In Memoriam Fakhrurradzie Gade, Selamat Jalan Sang Editor
Sekretaris Jenderal Aliansi Jurnalis Independen Banda Aceh itu menghembuskan nafas terakhir Jumat malam (11/11/2016) pukul 23.00 WIB di Rumah Sakit..
Penulis: Muslim Arsani | Editor: Yusmadi
Berita terakhir ia tulis melaporkan tentang "Masyarakat Aceh Diajak Lawan Intimidasi" dimuat pada 8 November 2016, tiga hari sebelum kepergiannya menghadap Sang Khalik. Sebetulnya Dhandy akan menemui almarhum tiga hari lagi di Aceh.
"Dzie, kenapa ga nunggu barang 3 hari lagi? Kamu kan tahu aku mau datang," ucap penulis buku "Jurnalisme Investigasi" itu.
Jurnalis terbaik
Kepergian Radzie membawa duka mendalam bagi dunia jurnalis di Aceh. Para insan pers di Aceh telah kehilangan sosok jurnalis yang tekun, ramah, bersahaja, santun, pekerja keras dan konsisten menegakkan kode etik jurnalistik.
"Di tengah problemmu, kau terus menjaga roda organisasi AJI Banda Aceh terus berjalan.

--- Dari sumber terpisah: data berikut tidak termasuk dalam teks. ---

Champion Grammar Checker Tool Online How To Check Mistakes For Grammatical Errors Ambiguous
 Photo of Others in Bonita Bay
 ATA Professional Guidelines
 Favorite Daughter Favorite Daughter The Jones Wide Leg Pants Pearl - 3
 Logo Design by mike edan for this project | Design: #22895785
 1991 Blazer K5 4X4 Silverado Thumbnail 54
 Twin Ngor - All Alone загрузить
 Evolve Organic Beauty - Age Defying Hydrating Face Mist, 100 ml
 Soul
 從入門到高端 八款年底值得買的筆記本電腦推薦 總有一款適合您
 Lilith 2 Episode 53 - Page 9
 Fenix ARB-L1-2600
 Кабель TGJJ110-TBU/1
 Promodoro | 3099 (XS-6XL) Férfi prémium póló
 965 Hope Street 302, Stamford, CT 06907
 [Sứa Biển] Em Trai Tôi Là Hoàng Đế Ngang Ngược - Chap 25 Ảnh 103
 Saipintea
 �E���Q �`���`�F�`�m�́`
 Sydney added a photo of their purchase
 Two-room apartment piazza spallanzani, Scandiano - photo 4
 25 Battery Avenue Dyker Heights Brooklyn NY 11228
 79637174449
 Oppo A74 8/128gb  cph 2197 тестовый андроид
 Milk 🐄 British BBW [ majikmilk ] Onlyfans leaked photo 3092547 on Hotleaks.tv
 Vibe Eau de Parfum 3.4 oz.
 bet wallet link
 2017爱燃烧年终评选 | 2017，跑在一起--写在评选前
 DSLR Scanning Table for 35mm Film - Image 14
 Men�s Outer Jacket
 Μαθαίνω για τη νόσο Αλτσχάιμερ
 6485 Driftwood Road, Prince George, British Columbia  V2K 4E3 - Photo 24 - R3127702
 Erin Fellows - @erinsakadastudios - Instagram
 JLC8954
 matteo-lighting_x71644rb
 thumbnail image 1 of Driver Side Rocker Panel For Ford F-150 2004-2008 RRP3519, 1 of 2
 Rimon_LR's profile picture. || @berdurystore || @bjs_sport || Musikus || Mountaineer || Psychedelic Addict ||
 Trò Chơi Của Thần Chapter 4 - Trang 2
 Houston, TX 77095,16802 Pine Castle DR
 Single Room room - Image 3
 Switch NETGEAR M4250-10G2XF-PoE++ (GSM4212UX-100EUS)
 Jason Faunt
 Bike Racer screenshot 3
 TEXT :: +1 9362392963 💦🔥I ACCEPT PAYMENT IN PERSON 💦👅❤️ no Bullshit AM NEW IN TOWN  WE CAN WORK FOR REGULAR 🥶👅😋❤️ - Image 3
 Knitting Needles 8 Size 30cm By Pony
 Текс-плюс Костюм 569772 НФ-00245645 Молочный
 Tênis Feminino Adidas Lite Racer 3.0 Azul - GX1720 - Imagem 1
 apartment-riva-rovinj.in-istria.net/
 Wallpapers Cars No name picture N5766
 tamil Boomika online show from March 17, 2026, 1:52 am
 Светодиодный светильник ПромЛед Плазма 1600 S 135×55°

Beberapa pertemuan nasional justru kau yang kerap hadir. Idealismu tentang pers yang independen, yang tak mengalah kepada pasar atau pun kekuasaan, tak lekang, tidak seperti tubuhmu yang terlihat kepayahan," ujar Arfi Bambi, Sekjen Aliansi Jurnalis Independen (AJI) Indonesia.
Peneliti Human Rights Watch Andrea Harsono menyebut sosok Radzie adalah wartawan yang berkualitas yang mengedepankan subtansi.
"Kepergian yang mengejutkan. Saya kira dia salah satu wartawan terbaik Aceh dalam 100 tahun terakhir," ujar mantan jurnalis The Jakarta Post itu di kolom komentar faceboknya.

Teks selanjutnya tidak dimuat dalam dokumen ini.